The detailed implementation of these operations will depend on the specific representations for instances and hypotheses. However, the algorithm itself can be applied to any concept learning task and hypothesis space for which these operations are well-defined.
The version space learned by te CANDIDATE-ELIMINATION algorithm will converge towards the hypothesis that correctly describes the target book provided that
There are no errors in the training examples.
There is some hypothesis in H that correctly describes the target concept.
The target concept is exactly learned when the S and G boundary sets converge to a single, identical, hypothesis.
Sometimes it is possible to classify certain examples with the same degree of confidence as if the target concept had been uniquely identified even when the version space contains multiple hypothesis.
For example, if all hypothesis say that a certain instance is positive, then that instance must be positive.
Suppose we wish to assure that the hypothesis space contains the unknown target concept. The obvious solution is to enrich the hypothesis space to include every possible hypothesis.
The obvious solution to the problem of assuring that the target concept is in the hypothesis space \(H\) is to provide a hypothesis space capable of representing every teachable concept; that is, it is capable of representing every possible subset of the instances X. In general, the set of all subsets of a set \(X\) is called the power set of \(X\).
Given this hypothesis space, we can safely use the CANDIDATE-ELIMINATION algorithm without worrying that the target might not be expressible. However, this raises a new problem: our concept learning algorithm is now completely unable to generalize beyond the observed examples.
The above point illustrates a fundamental property of inductive inference:
A learner that makes no a priori assumptions regarding the identity of the target concept has no rational basis for classifying any unseen instances.
Because inductive learning requires some form of prior assumptions, or inductive bias, we will characterize different learning approaches by the indutive bias they employ. That is, we wish to capture the policy by which the learner generalizes beyond the observed training data, to infer the classification of new instances. This brings us to the following defintion
Definition: Consider a concept learning algorithm \(L\) for the set of instances \(X\). Let \(c\) be an arbitrary concept defined over \(X\), and let \(D_c = \{(x, c(x)\}\) be an arbitrary set of training examples of \(c\). Let \(L(x_i, D_c)\) denote the classification assigned to the instance \(x_i\) by \(L\) after the training on the data \(D_c\). The inductive bias of \(L\) is any minimal set of assertions \(B\) such that for any target concept \(c\) and corresponding training examples \(D_c\) we have
\[\forall x_i \in X: B \land D_c \land x_i \models L(x_i, D_c)\]

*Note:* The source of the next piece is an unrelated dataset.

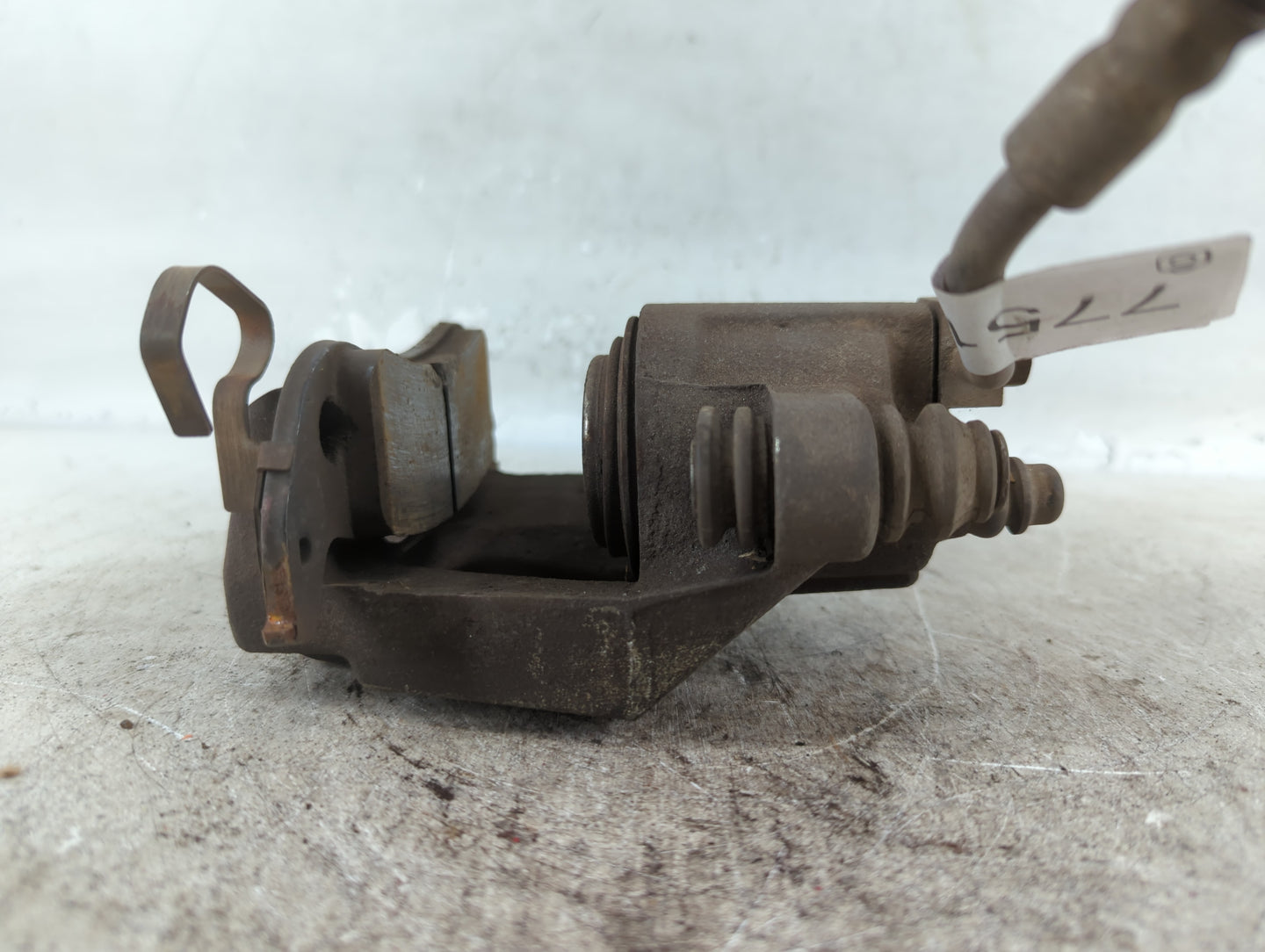 2006-2011 Ford Crown Victoria Rear Passenger Right Brake Caliper - Oemusedautoparts1.com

where the notation \(y \models z\) indicates that \(z\) follows deductively from \(y\) (i.e., that \(z\) is provably from \(y\)).
Consider the following three learning algorithms, which are listed from weakest to strongest bias.
Rote-Learner
Learning: Learning corresponds to storing each observed training example in memory, and subsequent instances are classified by looking them up in memory.
Bias: no bias.
Candidate-Elimination
Learning:
Bias: Target concept can be represented in its hypothesis space.
Find-S:
Learning:
Bias: all instances are negative instances unless the opposite is entailed by its other knowledge.
As we examine other inductive inference methods, it is useful to keep in mind this means of characterizing them and the strength of their inductive bias.